Decidida a continuar servindo o meu Criador

Biografia

Decidida a continuar servindo o meu Criador

NARRADA POR CONSTANCE BENANTI

Aconteceu tão rápido! Num prazo de seis dias, nossa filha, Camille, de quase dois anos, contraiu uma febre alta e morreu. Meu sofrimento foi insuportável. Eu queria morrer também. Por que Deus permitiu que isso acontecesse? Fiquei confusa.

MEUS pais eram imigrantes de Castellammare del Golfo, uma cidade da Sicília, Itália. Eles foram morar na cidade de Nova York, onde nasci em 8 de dezembro de 1908. Nossa família era formada por meus pais e oito filhos, cinco meninos e três meninas. *

Em 1927, meu pai, Santo Catanzaro, começou a freqüentar as reuniões de um pequeno grupo de Estudantes da Bíblia, como eram então conhecidas as Testemunhas de Jeová. Giovanni De Cecca, um irmão italiano que servia no Betel de Brooklyn, Nova York, realizava as reuniões perto de casa, em Nova Jersey. Com o tempo, meu pai começou a pregar e tornou-se ministro de tempo integral, continuando nesse serviço até sua morte em 1953.

Quando minha mãe era jovem, ela queria ser freira, mas seus pais não permitiram isso. A princípio, ela me aconselhou a não estudar a Bíblia junto com meu pai, mas logo comecei a notar mudanças nele. Gostei muito quando percebi que ele estava mais calmo, mais humilde e tínhamos paz na família.

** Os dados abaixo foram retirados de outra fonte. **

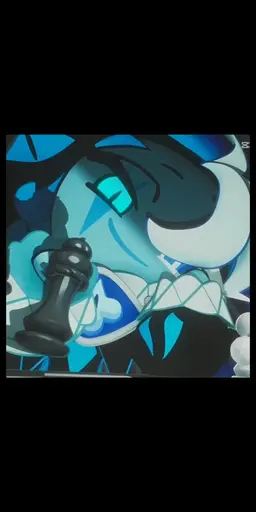 Profile image of 쉐도우밀크쿠키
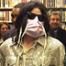 Michael Jackson, Mask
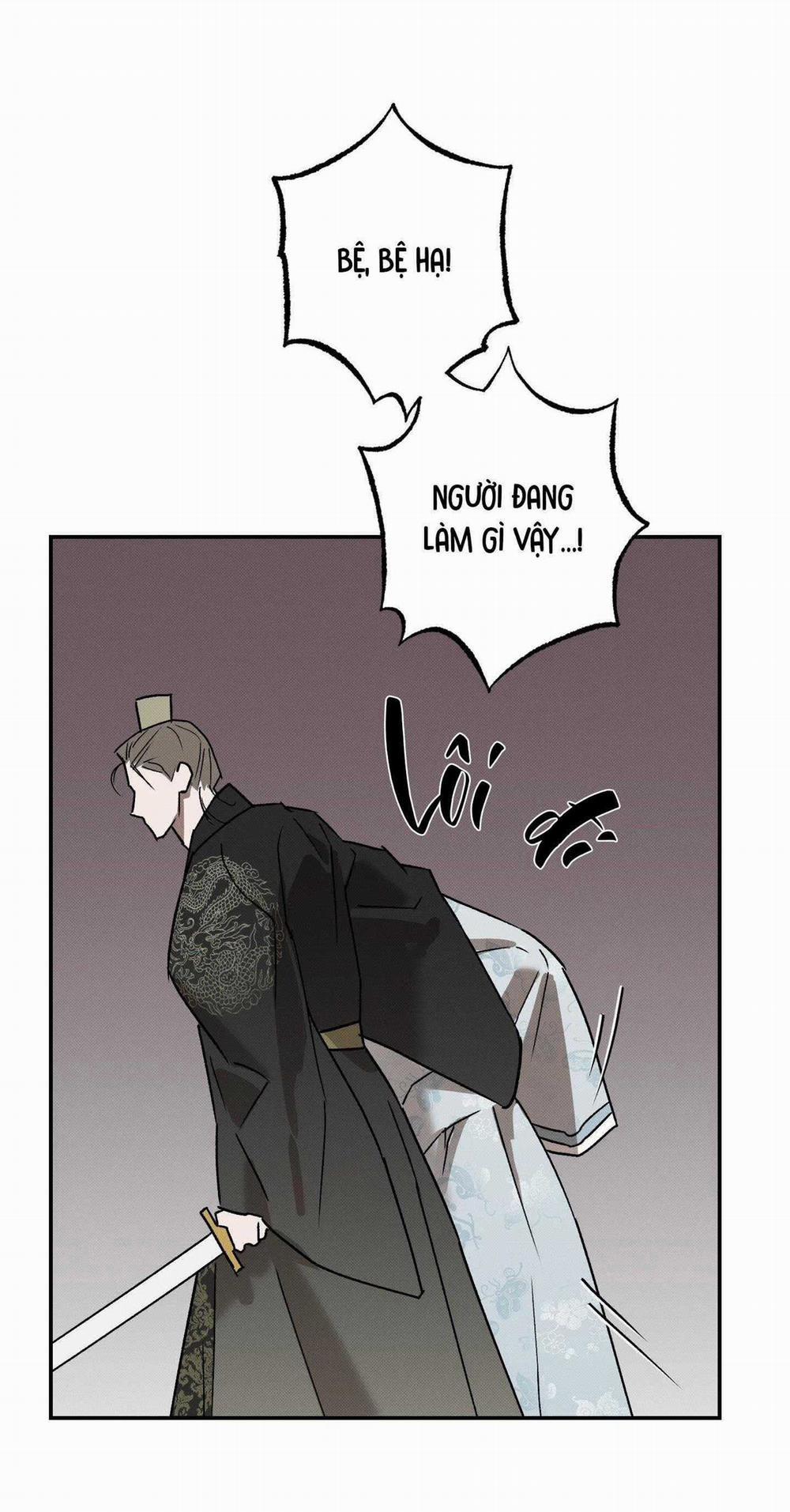 Nguyệt Ẩn Dạ Đàm 13 trang 52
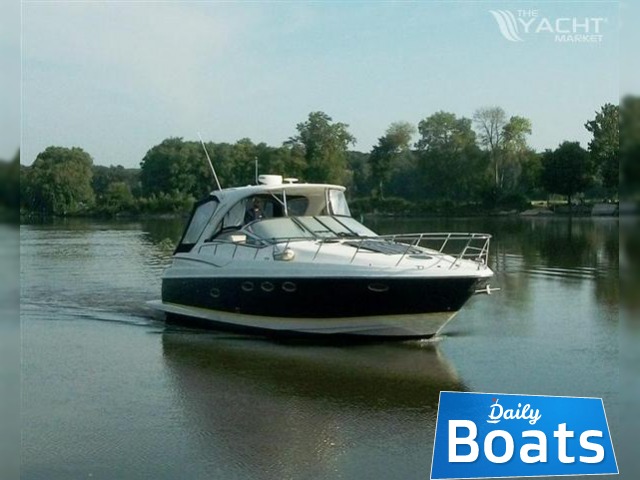 Buy 2006 Regal 3860 Commodore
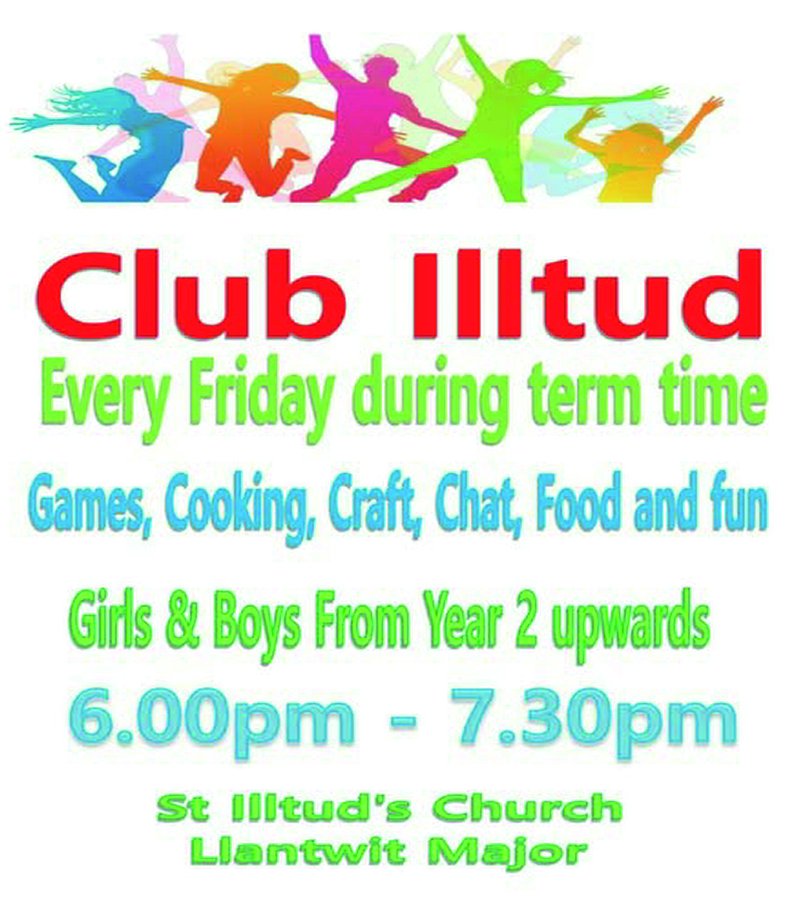 Club Illtud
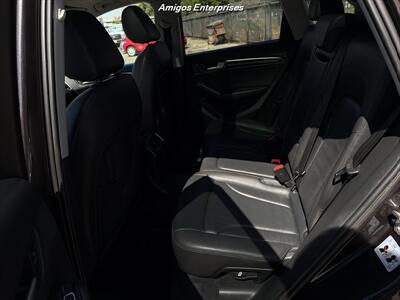 2014 Audi Q5 2.0T quattro Premium - Photo 8 - Fresno, CA 93702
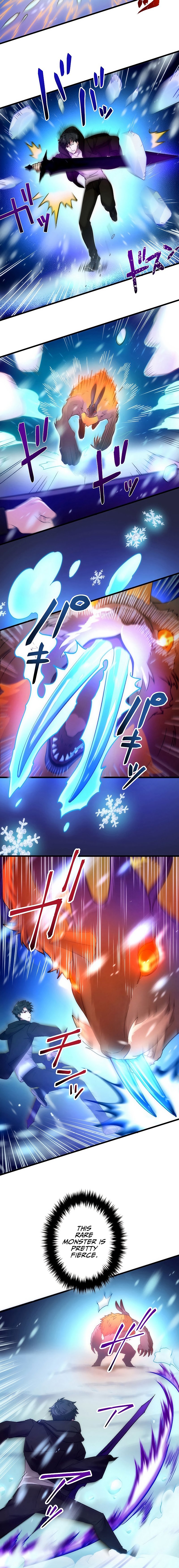 Kikanshita S-Kyuu Boukensha No Quest Seikatsu chapter 4 page 12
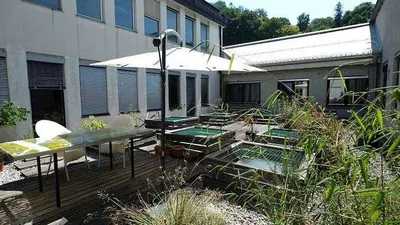 1-Zimmer-Gewerbeimmobilie mieten in Salzburg Stadt – 25 m², € 415 – Bild 2 von 19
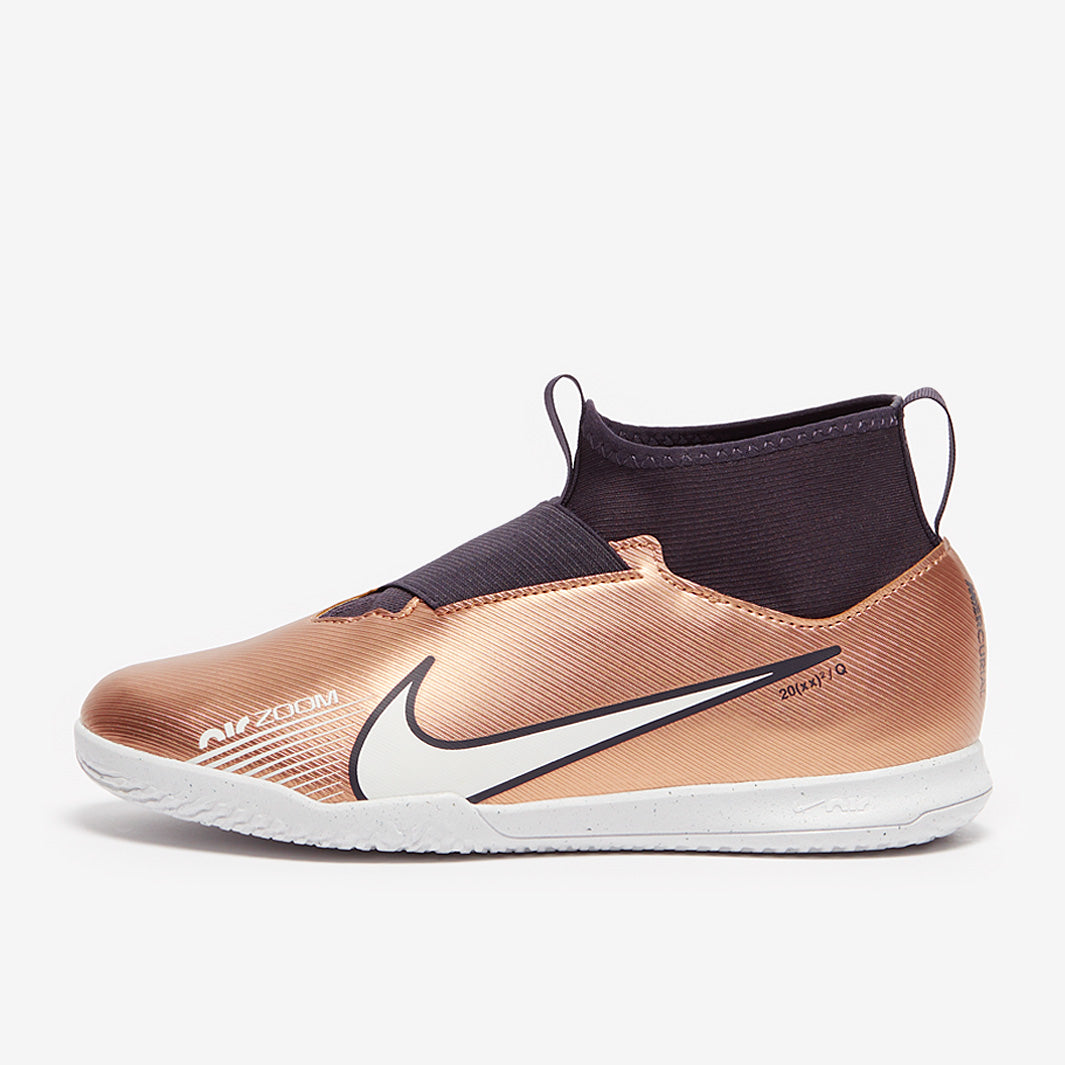 Nike Kids Air Zoom Mercurial Superfly IX Academy IC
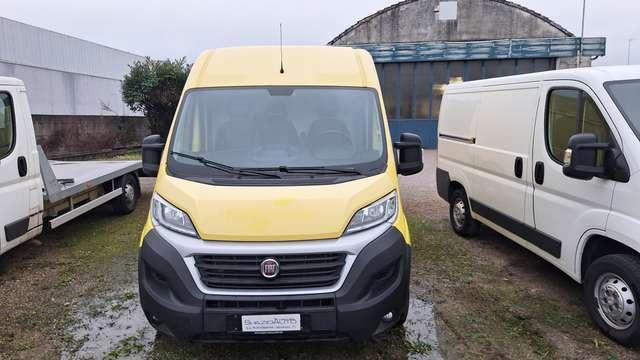 Fiat DUCATO L3 H2 //// PREZZO ESPOSTO + IVA ////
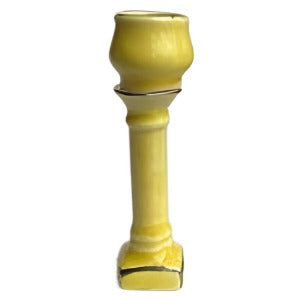 Jardiniere Yellow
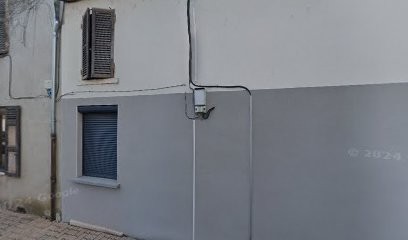 Fournel Et Guyonnet SCM, Médecin Généraliste à Thoissey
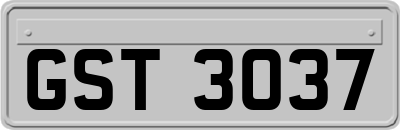 GST3037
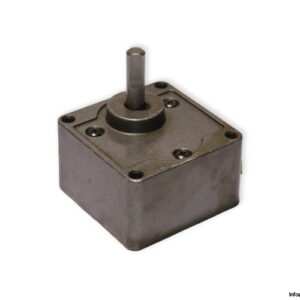 panasonic-M6GA30B-gear-head-(used)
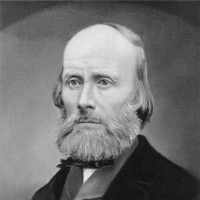 Hezekiah Mitchell (1810 - 1872) Profile
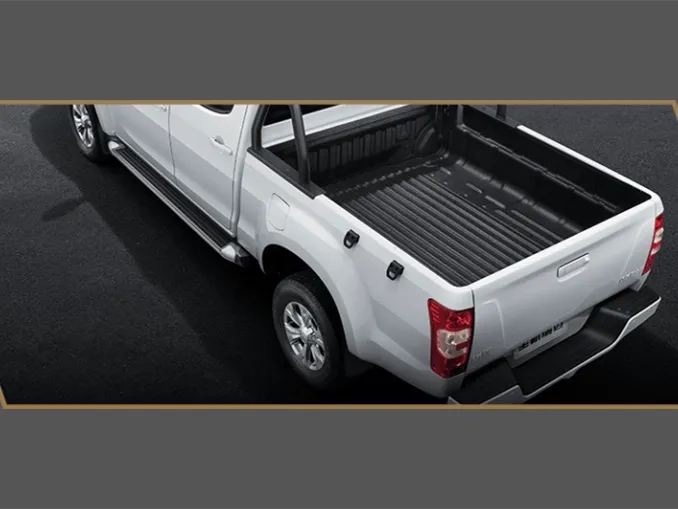 Isuzu RE-MAX Jim,autocango,china used car exporter,china ev exporter,chinese used car exporter,chinese used ev exporter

Nesse tempo, conheci Charles, nascido em Brooklyn e que tinha a mesma idade que eu. Tanto a sua família como a minha eram da Sicília. Logo ficamos noivos e nos casamos assim que meu pai voltou do congresso de 1931 das Testemunhas de Jeová em Columbus, Ohio. Nossa filha, Camille, nasceu dentro de um ano. Quando ela morreu, fiquei inconsolável. Um dia, Charles, em prantos, me disse: “Camille era minha filha também. Por que não podemos continuar as nossas vidas, dando apoio e consolo um ao outro?”.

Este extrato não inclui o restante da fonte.